Convert MP4, WebM, MOV or any video to an animated GIF: choose start, duration, FPS and size with sliders

Turn an Oversized Video Clip Into a Shareable GIF

A 30-second screen recording from your phone can easily land at 20-40MB as an MP4, which is too big for Slack's free tier, gets compressed into mush by Discord, or simply refuses to attach in iMessage. Converting the clip to a GIF sidesteps all of that, because GIFs are embedded inline and play automatically without anyone tapping a video player. This tool takes any video file, lets you pick the exact moment you want with a dual-handle slider sitting under a live preview, and renders that segment as a looping GIF. Drag the left handle to move the start point, the right handle to move the end point, or drag the middle of the selection to shift the whole window without changing its length.

The conversion itself runs through FFmpeg's palettegen and paletteuse filter chain, compiled to WebAssembly so it executes inside your browser tab rather than on a remote server. Palettegen analyzes the selected frames and builds a custom 256-color palette tuned to that specific clip, then paletteuse applies it with dithering when re-encoding. This two-step approach produces noticeably better color fidelity than the single fixed palette many quick online converters use, especially on clips with skin tones, gradients, or text overlays. Clip length matters a lot here: a segment under 6 seconds keeps the frame count manageable, so the palette stays accurate and the resulting file stays a reasonable size. Push past 10-15 seconds and both the encode time and output size grow quickly, since every additional frame needs its own palette-matched pixels.

How to Use

  1. 1

    Load your video

    Drop in an MP4, WebM, MOV, AVI, or MKV file. Playback starts right away so you can scrub through and find the part worth keeping.

  2. 2

    Drag the slider handles to your segment

    The left and right handles set the start and end points. Dragging the middle of the highlighted region moves both at once, keeping the duration fixed.

  3. 3

    Adjust FPS and width

    Lower frame rates and smaller widths shrink the output. For most clips, somewhere between 10 and 15 FPS keeps motion looking natural without ballooning the file.

  4. 4

    Convert and check the result

    The selected segment is processed locally and a preview appears. If the file is bigger than expected, trim the segment further or reduce the width.

Key Features

  • →Segments under 6 seconds usually produce the best balance of quality and file size, since the palette has fewer frames to cover.
  • →MP4, WebM, MOV, AVI, and MKV are all accepted as source files.
  • →The output is always a standard animated GIF that loops by default.
  • →If the GIF still feels too large for where you're posting it, run it through the Optimize GIF tool afterward for another pass of compression.
  • →Trimming to just the moment that matters, rather than the whole clip, almost always beats lowering FPS for reducing file size.

Frequently Asked Questions

Why is the GIF file bigger than the original video clip?

Video codecs like H.264 compress by predicting how frames change over time, while GIF stores something closer to a sequence of indexed-color images.
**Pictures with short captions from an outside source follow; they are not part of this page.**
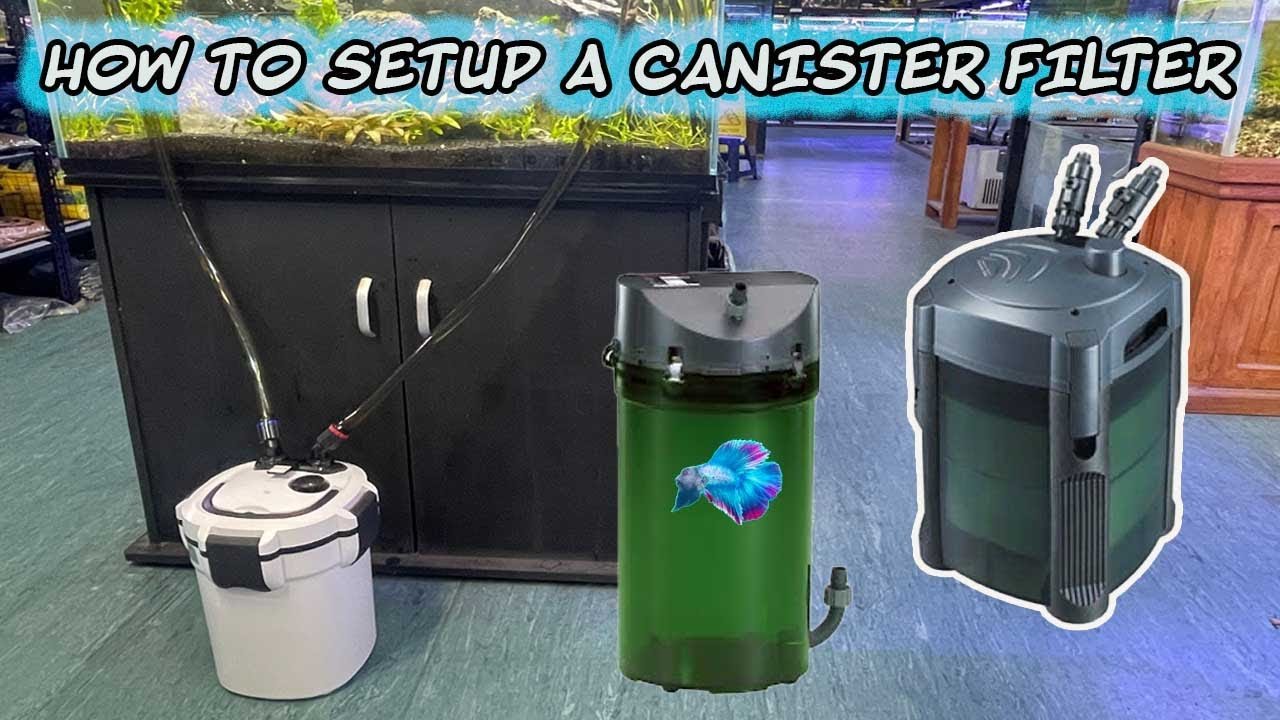 How to Install Canister Filter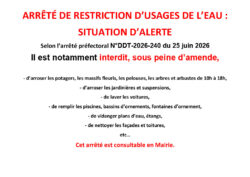 1782397518969-cb8e6ee3-bb9f-4f39-956d-6029721537d7_1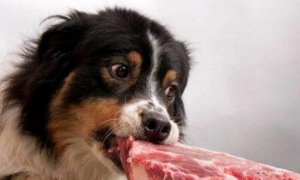 狗狗为什么就喜欢吃肉呢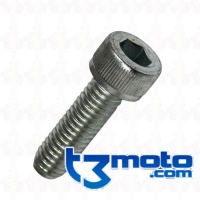 Tornillo Allen 6 x 20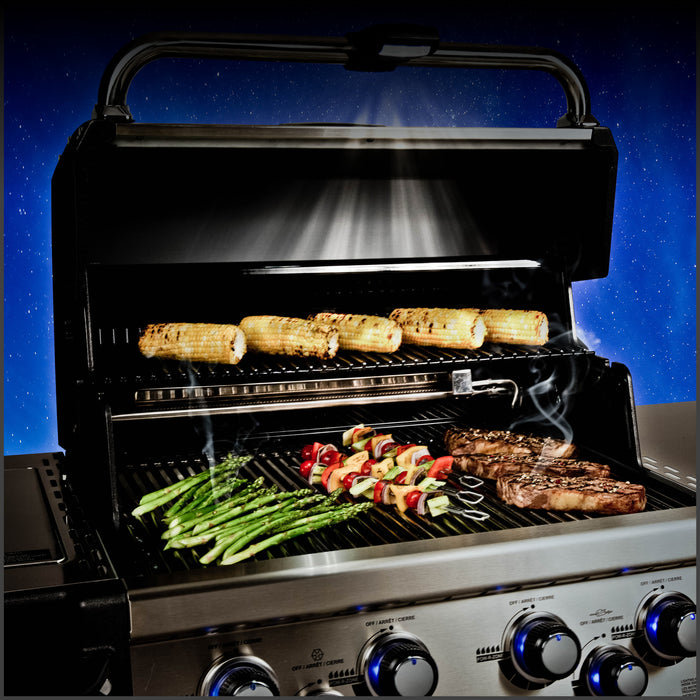 Regal iQue Gas Grill 690 PRO IR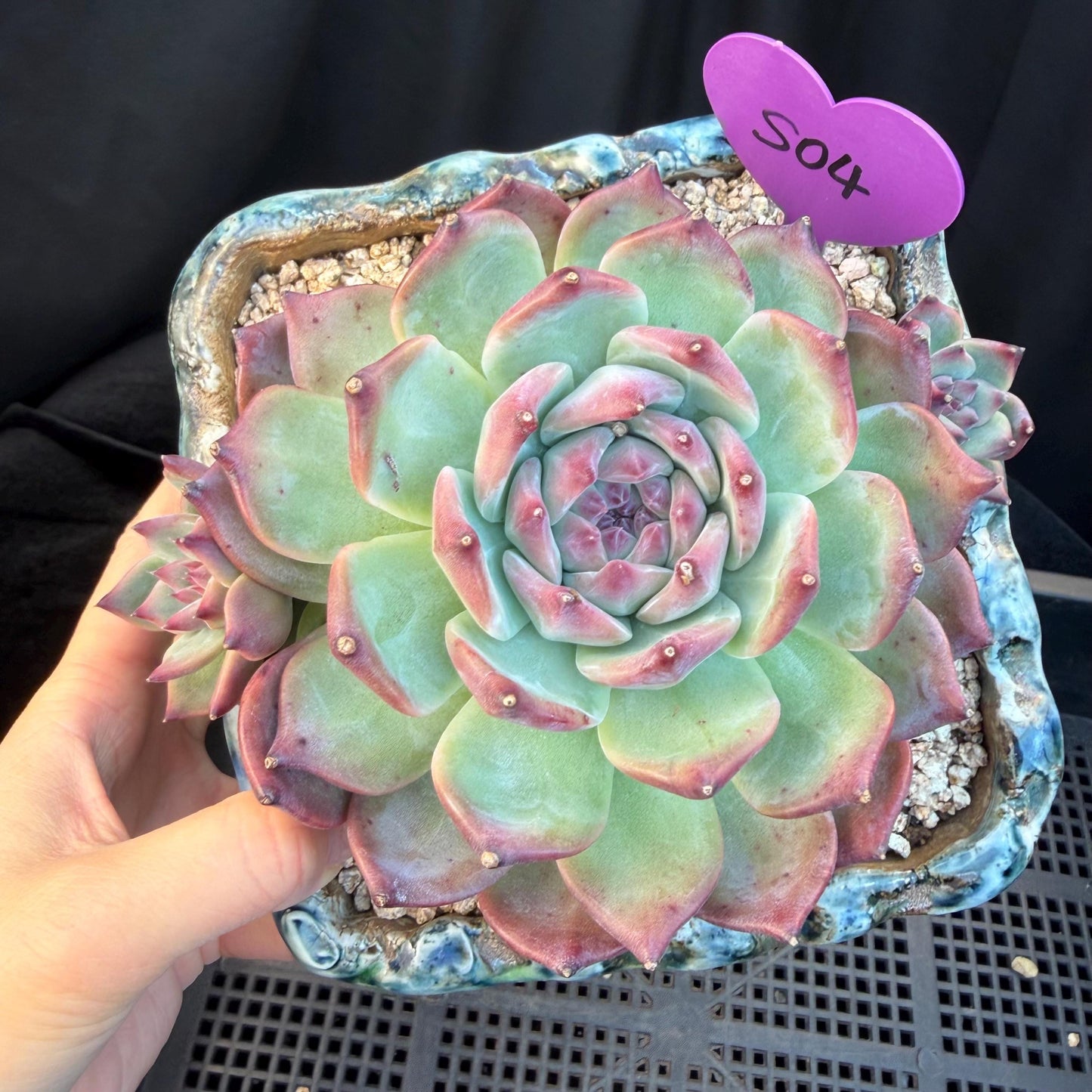 Echeveria ' Red Latam', a big head with 2small babies , 5.5inches, S04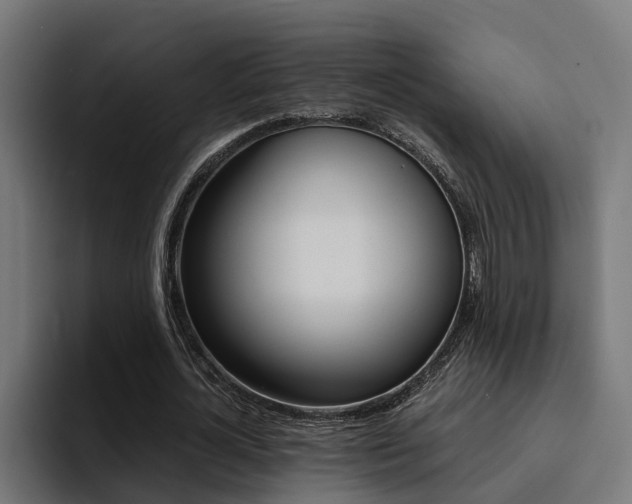 X0000094430724200711081018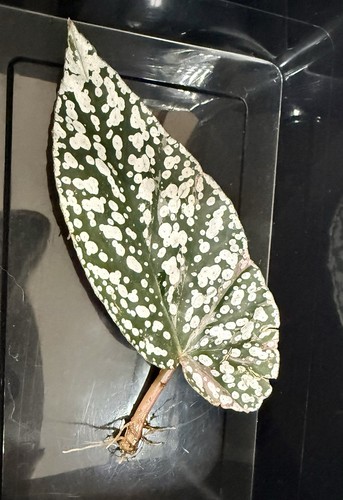 Begonia snow capped pink - capped,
A 6-second GIF can end up several times larger than the MP4 it came from, even though it covers a shorter span and looks lower quality.

Can I select a segment from the very end of the video?

Yes, drag the right handle all the way to the end of the timeline. The selection bar shows the exact start and end times as you adjust it.

Does dragging the middle of the slider change the clip length?

No, dragging the middle moves the whole selection window forward or backward while keeping the same duration between the two handles.

Will the GIF include the audio from my video?

No, the GIF format doesn't support audio tracks at all, so the sound from your clip is dropped during conversion regardless of settings.

What's the practical limit on clip length before the file gets unwieldy?

There's no hard cutoff enforced by the tool, but past roughly 10-15 seconds the frame count and palette complexity both increase enough that file sizes can jump from a few hundred KB to tens of megabytes.